Data:
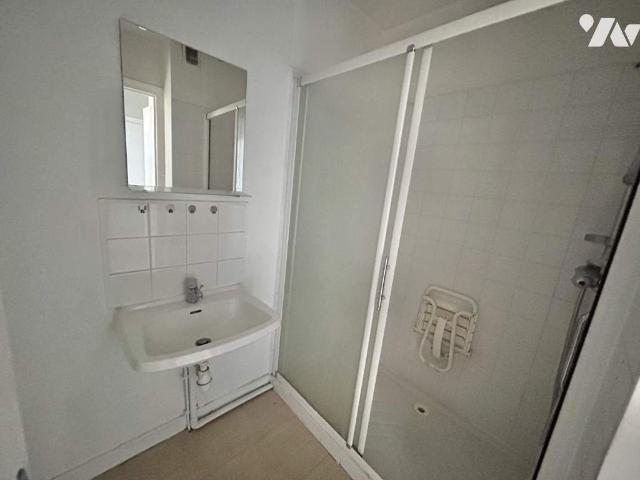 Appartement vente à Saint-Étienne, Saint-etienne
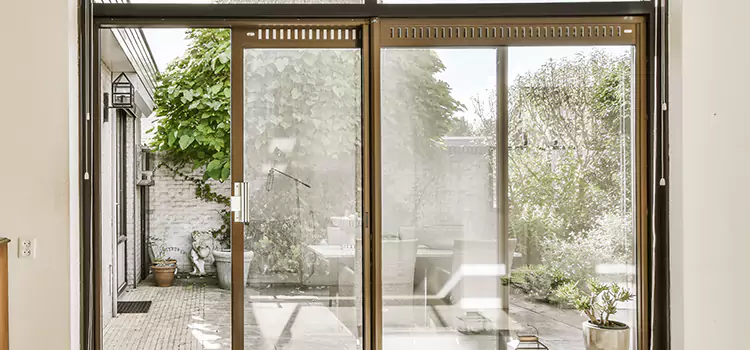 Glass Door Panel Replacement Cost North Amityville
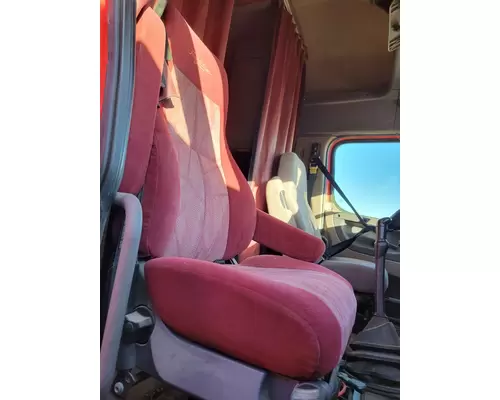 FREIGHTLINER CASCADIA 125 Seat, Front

* * *

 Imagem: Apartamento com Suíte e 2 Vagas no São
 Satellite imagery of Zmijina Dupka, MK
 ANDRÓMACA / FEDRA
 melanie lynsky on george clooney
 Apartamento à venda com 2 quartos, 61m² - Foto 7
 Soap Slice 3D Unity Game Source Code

Exercise requirements:
Every line above holding the string "Apartamento" should be listed.

Answer to the exercise:
 Imagem: Apartamento com Suíte e 2 Vagas no São
 Apartamento à venda com 2 quartos, 61m² - Foto 7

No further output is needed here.